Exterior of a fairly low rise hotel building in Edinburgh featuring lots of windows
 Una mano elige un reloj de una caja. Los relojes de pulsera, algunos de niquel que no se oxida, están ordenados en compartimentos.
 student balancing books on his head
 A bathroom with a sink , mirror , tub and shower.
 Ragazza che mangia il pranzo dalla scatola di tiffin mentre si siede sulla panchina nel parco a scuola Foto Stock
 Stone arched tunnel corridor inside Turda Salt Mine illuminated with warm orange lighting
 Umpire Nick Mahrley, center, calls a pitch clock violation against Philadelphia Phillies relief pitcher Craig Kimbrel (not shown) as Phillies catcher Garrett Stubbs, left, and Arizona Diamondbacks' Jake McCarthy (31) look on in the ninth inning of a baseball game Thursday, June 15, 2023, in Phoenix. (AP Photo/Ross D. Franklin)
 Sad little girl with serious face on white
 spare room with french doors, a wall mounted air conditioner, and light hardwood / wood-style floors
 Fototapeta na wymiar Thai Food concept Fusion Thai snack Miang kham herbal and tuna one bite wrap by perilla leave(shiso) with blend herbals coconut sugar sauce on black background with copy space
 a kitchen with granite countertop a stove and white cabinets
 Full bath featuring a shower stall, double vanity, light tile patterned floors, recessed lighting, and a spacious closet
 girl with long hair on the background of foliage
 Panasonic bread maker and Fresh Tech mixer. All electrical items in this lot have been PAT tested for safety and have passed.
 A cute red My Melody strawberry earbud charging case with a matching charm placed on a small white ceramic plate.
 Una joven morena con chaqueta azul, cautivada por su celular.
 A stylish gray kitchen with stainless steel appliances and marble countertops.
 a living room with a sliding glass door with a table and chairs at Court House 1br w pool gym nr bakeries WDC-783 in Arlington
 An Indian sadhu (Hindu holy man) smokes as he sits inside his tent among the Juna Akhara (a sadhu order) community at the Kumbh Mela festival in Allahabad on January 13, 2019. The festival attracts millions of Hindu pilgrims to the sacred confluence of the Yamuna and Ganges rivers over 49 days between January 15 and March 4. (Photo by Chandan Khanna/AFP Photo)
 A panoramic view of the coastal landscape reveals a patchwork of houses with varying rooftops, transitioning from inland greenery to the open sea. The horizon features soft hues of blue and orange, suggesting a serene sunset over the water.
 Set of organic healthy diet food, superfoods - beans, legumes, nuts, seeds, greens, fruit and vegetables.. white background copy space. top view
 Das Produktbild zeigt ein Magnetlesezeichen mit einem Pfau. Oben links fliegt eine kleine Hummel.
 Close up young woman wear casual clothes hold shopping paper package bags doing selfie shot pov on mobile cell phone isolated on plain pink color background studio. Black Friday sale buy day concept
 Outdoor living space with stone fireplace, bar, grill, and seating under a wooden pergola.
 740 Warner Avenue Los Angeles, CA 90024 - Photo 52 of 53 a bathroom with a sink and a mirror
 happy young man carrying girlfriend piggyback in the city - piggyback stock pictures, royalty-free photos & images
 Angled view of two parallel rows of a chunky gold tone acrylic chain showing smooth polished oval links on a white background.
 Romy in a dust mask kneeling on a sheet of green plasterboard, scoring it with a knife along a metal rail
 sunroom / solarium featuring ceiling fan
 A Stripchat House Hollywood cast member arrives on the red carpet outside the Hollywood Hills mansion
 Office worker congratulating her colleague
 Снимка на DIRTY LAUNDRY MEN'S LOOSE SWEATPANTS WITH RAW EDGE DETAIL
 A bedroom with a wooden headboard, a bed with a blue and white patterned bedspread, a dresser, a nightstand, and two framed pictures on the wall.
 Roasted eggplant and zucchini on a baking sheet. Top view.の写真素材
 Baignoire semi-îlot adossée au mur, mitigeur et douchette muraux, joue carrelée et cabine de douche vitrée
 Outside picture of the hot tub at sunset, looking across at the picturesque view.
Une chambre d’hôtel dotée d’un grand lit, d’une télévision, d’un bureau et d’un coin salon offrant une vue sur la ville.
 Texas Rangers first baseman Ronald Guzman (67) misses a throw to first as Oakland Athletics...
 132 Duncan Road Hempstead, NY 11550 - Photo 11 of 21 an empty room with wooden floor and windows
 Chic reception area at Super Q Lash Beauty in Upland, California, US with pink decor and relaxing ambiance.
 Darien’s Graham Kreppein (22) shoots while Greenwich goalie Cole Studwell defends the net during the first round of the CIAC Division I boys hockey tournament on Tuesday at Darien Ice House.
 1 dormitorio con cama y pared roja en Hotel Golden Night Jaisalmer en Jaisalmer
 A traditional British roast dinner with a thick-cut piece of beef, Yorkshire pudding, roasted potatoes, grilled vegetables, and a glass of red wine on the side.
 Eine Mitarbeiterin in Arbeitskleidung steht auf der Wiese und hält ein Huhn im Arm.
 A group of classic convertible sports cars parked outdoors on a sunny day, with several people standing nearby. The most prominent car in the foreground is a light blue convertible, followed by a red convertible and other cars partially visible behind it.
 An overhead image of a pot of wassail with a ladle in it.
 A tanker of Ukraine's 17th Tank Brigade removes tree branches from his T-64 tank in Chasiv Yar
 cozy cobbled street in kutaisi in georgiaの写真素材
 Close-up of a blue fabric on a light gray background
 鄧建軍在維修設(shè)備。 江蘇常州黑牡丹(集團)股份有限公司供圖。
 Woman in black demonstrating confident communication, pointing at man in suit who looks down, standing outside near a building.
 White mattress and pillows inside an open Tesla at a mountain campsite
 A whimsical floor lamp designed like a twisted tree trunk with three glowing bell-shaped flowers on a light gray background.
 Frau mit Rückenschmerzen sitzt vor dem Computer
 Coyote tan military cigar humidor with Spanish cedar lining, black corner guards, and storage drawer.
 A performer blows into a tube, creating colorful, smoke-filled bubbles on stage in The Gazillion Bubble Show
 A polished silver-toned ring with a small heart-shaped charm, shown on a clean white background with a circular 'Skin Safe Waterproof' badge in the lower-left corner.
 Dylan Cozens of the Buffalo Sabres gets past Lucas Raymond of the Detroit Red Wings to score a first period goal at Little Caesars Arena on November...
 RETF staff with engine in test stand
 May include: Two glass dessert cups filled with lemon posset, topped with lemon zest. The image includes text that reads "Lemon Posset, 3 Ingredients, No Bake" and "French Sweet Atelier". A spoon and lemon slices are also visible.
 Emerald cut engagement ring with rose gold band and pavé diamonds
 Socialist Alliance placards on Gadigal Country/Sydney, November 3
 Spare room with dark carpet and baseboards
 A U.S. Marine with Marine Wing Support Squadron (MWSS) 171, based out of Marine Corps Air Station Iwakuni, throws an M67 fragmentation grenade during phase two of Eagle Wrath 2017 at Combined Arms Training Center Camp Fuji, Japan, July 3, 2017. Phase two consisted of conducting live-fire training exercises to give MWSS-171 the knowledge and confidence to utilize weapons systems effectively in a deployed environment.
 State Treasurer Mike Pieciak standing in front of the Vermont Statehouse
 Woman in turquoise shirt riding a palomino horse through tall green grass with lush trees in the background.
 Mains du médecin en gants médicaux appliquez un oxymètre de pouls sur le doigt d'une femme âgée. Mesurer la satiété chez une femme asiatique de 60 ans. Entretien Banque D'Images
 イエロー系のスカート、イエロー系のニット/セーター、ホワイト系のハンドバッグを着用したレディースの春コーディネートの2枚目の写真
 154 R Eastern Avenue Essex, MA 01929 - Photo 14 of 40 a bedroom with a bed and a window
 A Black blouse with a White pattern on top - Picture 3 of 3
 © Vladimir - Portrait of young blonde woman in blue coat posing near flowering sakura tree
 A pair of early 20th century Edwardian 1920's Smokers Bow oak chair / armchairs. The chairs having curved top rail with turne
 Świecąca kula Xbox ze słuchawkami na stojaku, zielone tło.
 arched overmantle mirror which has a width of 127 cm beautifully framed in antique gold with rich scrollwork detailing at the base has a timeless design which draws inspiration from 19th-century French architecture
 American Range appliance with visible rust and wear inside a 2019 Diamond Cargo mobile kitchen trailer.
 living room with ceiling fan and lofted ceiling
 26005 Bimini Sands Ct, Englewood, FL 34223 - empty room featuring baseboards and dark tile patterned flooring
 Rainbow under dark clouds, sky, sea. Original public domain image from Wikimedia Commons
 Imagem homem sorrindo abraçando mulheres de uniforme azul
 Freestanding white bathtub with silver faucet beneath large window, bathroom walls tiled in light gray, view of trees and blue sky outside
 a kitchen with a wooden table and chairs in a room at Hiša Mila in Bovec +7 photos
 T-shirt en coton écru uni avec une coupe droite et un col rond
_ _ _ _
EXERCISE BRIEF: From the records above, extract exactly and only the lines that begin at the line with "Mains du médecin" and stop after the line with "26005 Bimini Sands".

RESULT:
 Mains du médecin en gants médicaux appliquez un oxymètre de pouls sur le doigt d'une femme âgée. Mesurer la satiété chez une femme asiatique de 60 ans. Entretien Banque D'Images
 イエロー系のスカート、イエロー系のニット/セーター、ホワイト系のハンドバッグを着用したレディースの春コーディネートの2枚目の写真
 154 R Eastern Avenue Essex, MA 01929 - Photo 14 of 40 a bedroom with a bed and a window
 A Black blouse with a White pattern on top - Picture 3 of 3
 © Vladimir - Portrait of young blonde woman in blue coat posing near flowering sakura tree
 A pair of early 20th century Edwardian 1920's Smokers Bow oak chair / armchairs. The chairs having curved top rail with turne
 Świecąca kula Xbox ze słuchawkami na stojaku, zielone tło.
 arched overmantle mirror which has a width of 127 cm beautifully framed in antique gold with rich scrollwork detailing at the base has a timeless design which draws inspiration from 19th-century French architecture
 American Range appliance with visible rust and wear inside a 2019 Diamond Cargo mobile kitchen trailer.
 living room with ceiling fan and lofted ceiling
 26005 Bimini Sands Ct, Englewood, FL 34223 - empty room featuring baseboards and dark tile patterned flooring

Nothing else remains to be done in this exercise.